03/04/2003

Greater trans-Atlantic cooperation on law and order

Following the Home Secretary's visit to the US, the government has revealed new measures signalling a greater degree of trans-Atlantic cooperation over criminal justice and national defence.

Earlier today, David Blunkett and the Lord Chancellor Derry Irvine today announced plans to support the development of US-style community courts in Britain.

The New York-based Center for Court Innovation has been invited to help develop plans for pilot community justice centres in England and Wales.

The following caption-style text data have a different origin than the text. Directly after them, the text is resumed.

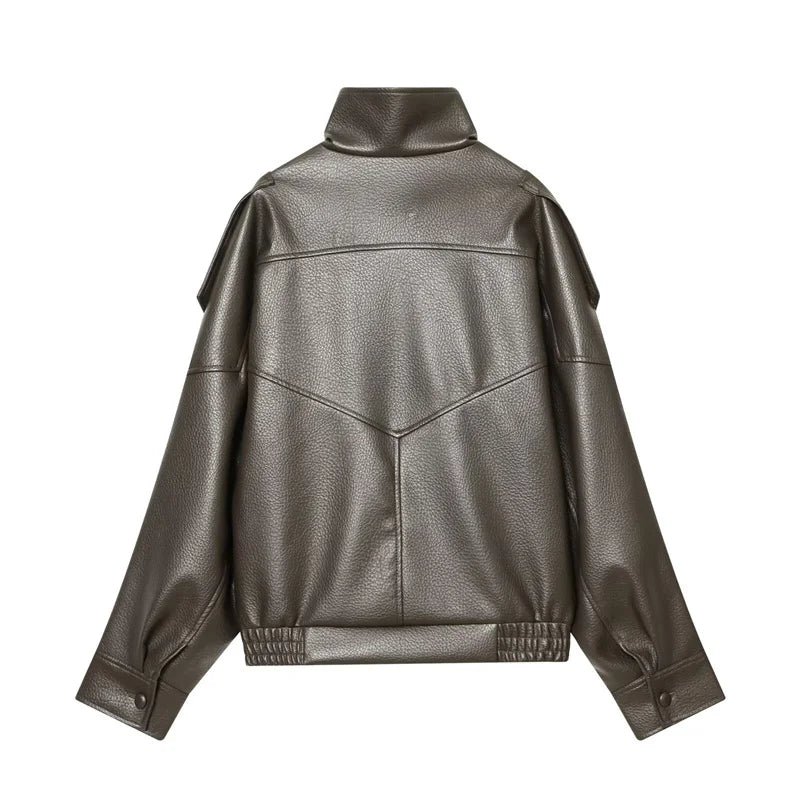 Veste femme automne 2025 nouveau noir à manches longues galets Faux cuir veste moto Style personnalité mode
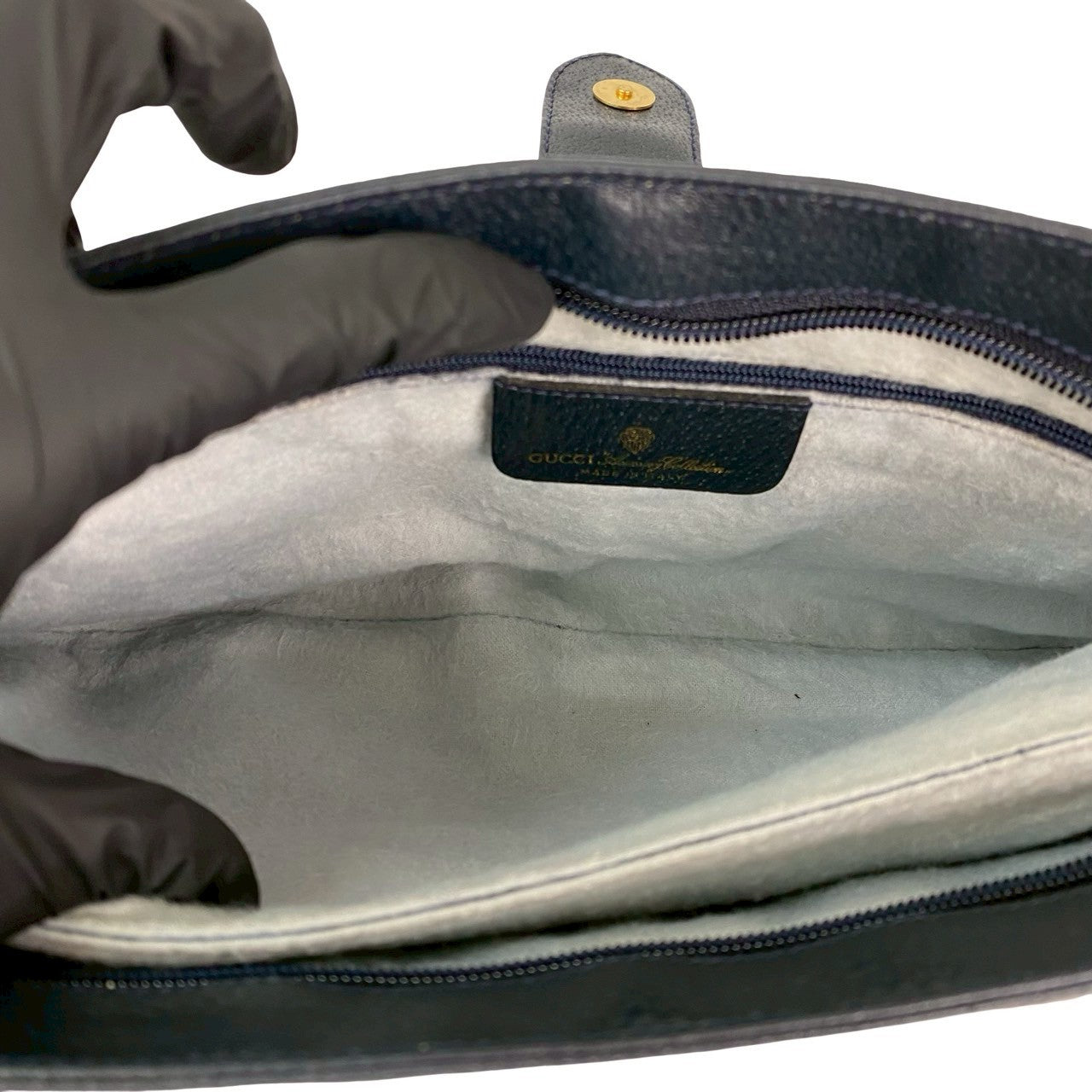 GUCCI Shoulder Bag leather Navy Sherry line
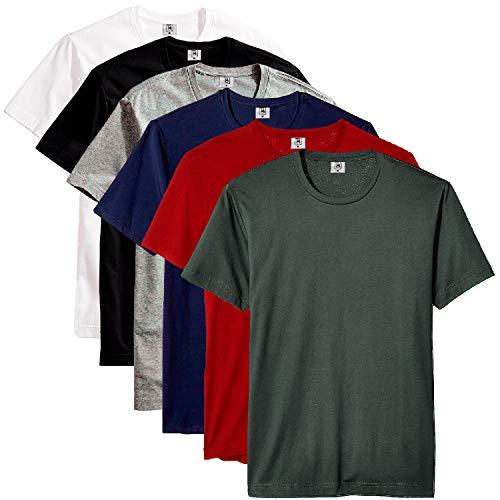Kit com 6 Camisetas Masculina Básica Algodão Part.B Premium (Azul, Verde, Cinza, Vinho, Preto e Branco, G)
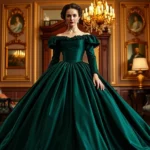 Woman wearing deep emerald green 1850s ball gown with enormous bell-shaped skirt, fitted waist, standing in elegant parlor with ornate furniture, authentic Victorian styling, photorealistic, professional lighting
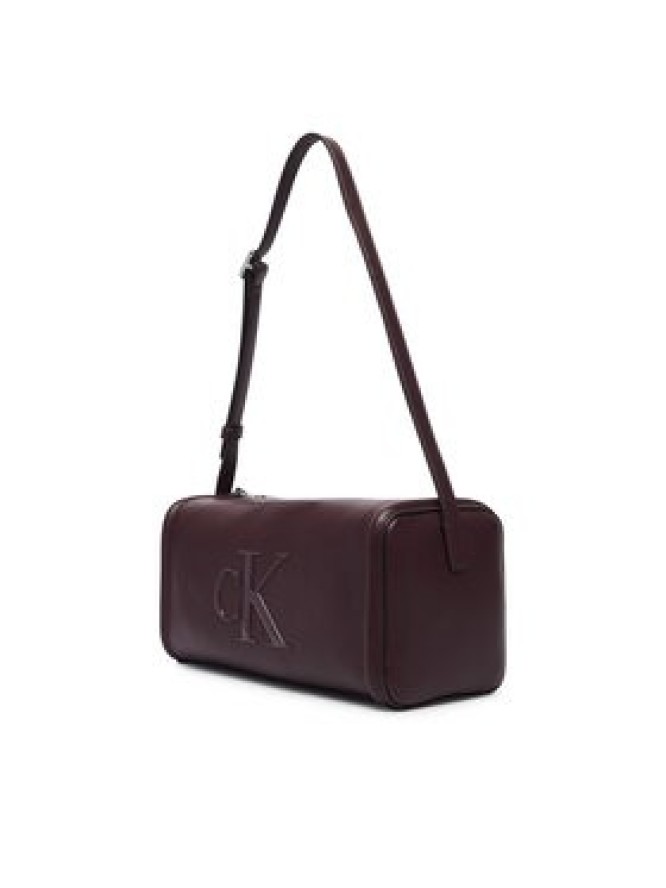 Calvin Klein Torebka Bold Ck Slouchy Shoulder Bag LV04F3894G Brązowy ciemny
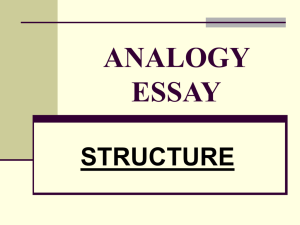 Analogy Essay: Structure PPT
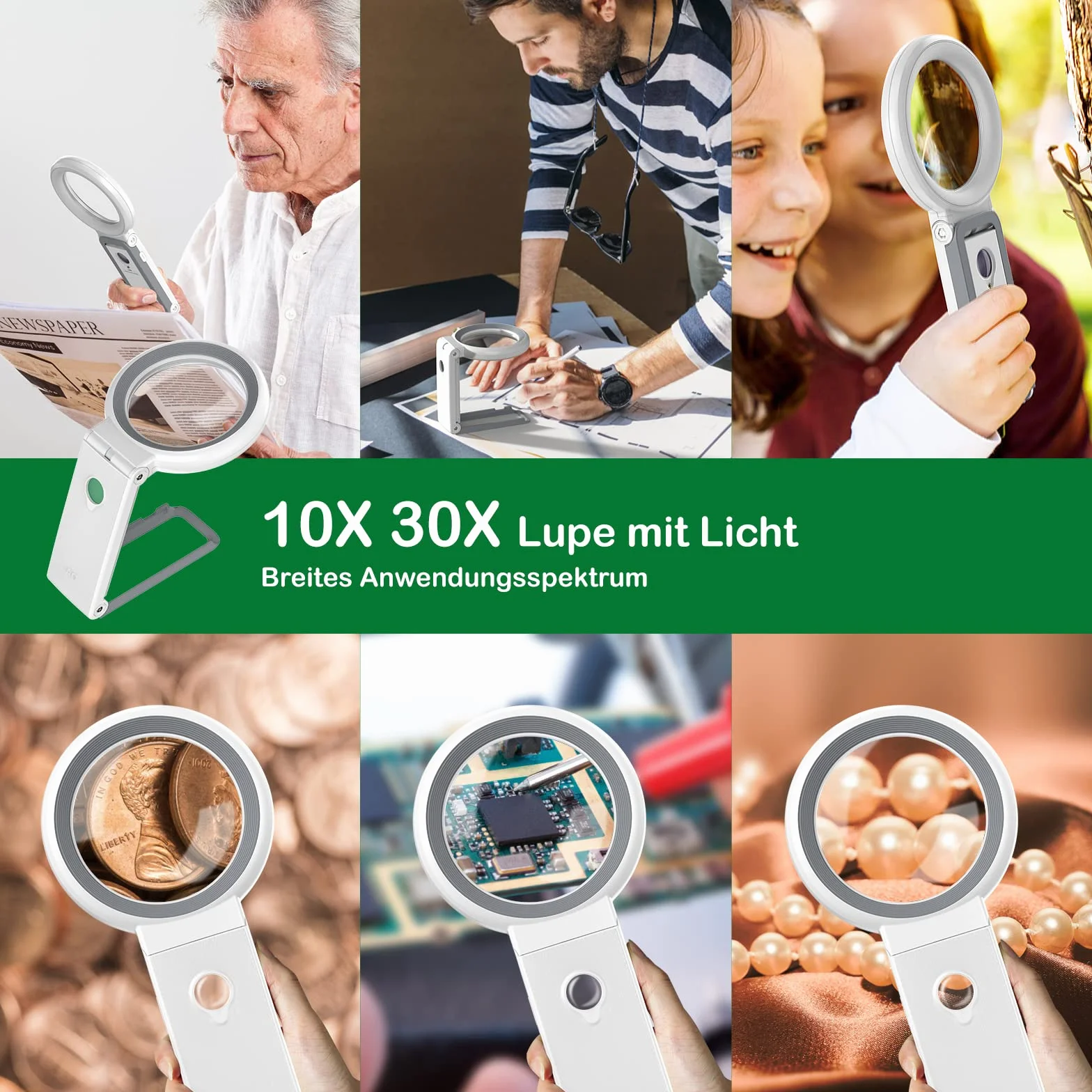Lupa ze światłem i stojakiem, 30 x 10 x składana lupa do czytania z 18 diodami LED, ściemniana, duża szklana lupa ręczna, lupa biurkowa dla seniorów, jubilerów, rzemiosła, książek, monet, zwyrodnienia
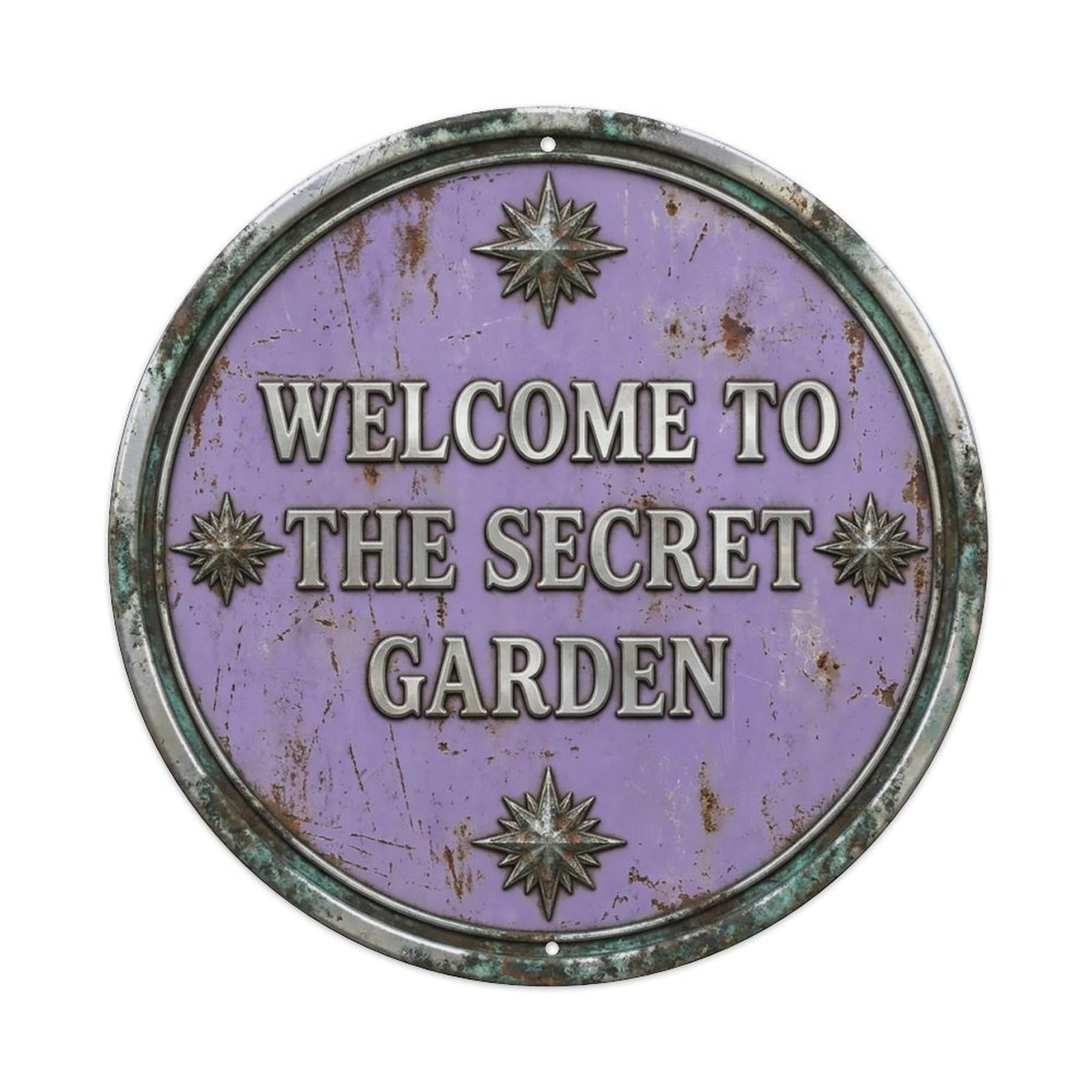 Vintage Welcome Secret Garden Silver Lavender Star Metal Tin Sign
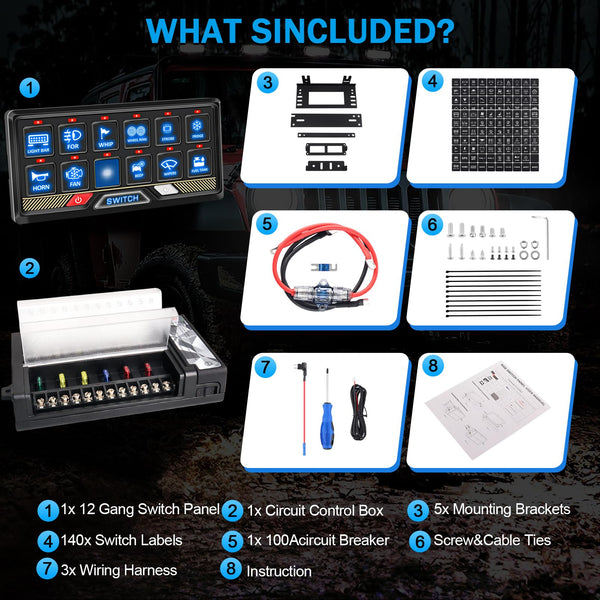 Chelhead 12V/24V Switch Control Panel RGB 6 Gang Dimmable Multi-Function Programmable Switch Panel Acc Battery Control Waterproof, Compatible with Truck Boat SUV RV Trailer Marine ATV UTV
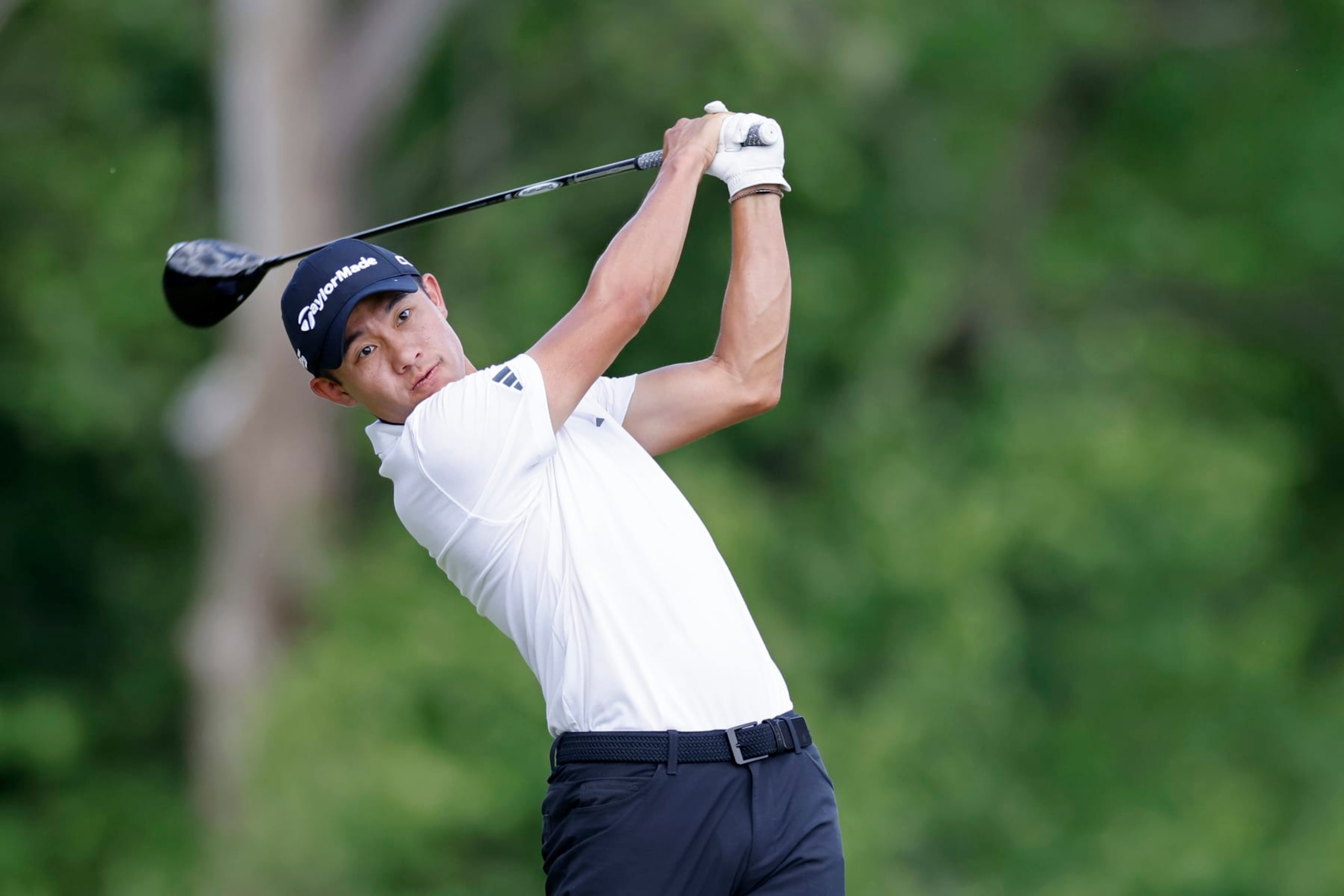 LOUISVILLE, KY - MAY 18: Collin Morikawa (USA) hits a drive at the fifth hole during the third round of the 2024 PGA Championship at Valhalla Golf Club on May 18, 2024 in Louisville, Kentucky. (Photo by Joe Robbins/Icon Sportswire via Getty Images)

These will, according to the government, "ultimately aim to shift the focus of the criminal justice system to engaging more in crime prevention and problem-solving" in the community in addition to bringing perpetrators to justice.

Mr Blunkett said: "By bringing together the relevant agencies, by adopting a more cohesive approach to tackling crime and anti-social behaviour, and by making courts more responsive to the communities they serve, we aim to reduce crime and the fear of crime and increase clear-up rates and public confidence in the criminal justice system."

It is anticipated that community justice centres would act as a focus point for communities and reduce disorder and anti-social behaviour.

Also today, came the announcement that a new extradition treaty and an agreement on sharing criminals’ confiscated assets has agreed.

The treaty is designed to bring Anglo-US procedures more in line with extradition arrangements to European countries by removing the need for prima facie evidence but still requiring a detailed statement of the facts of the case to be provided. It makes any crime carrying a penalty of at least 12 months imprisonment in both states extraditable.

The new treaty also maintains the present position that political motivation cannot be used to block extradition in the case of terrorist or other violent crimes.

The Home Secretary also signed a memorandum of understanding with John Walters, the Director of the US Office of National Drugs Control Policy today. The agreement will lead to increased information sharing and co-operation in research and development and will allow up to $10 million to be spent on joint projects.

These will primarily explore new drugs detection and surveillance technologies such as the use of lasers to "sniff out" drugs with greater sensitivity.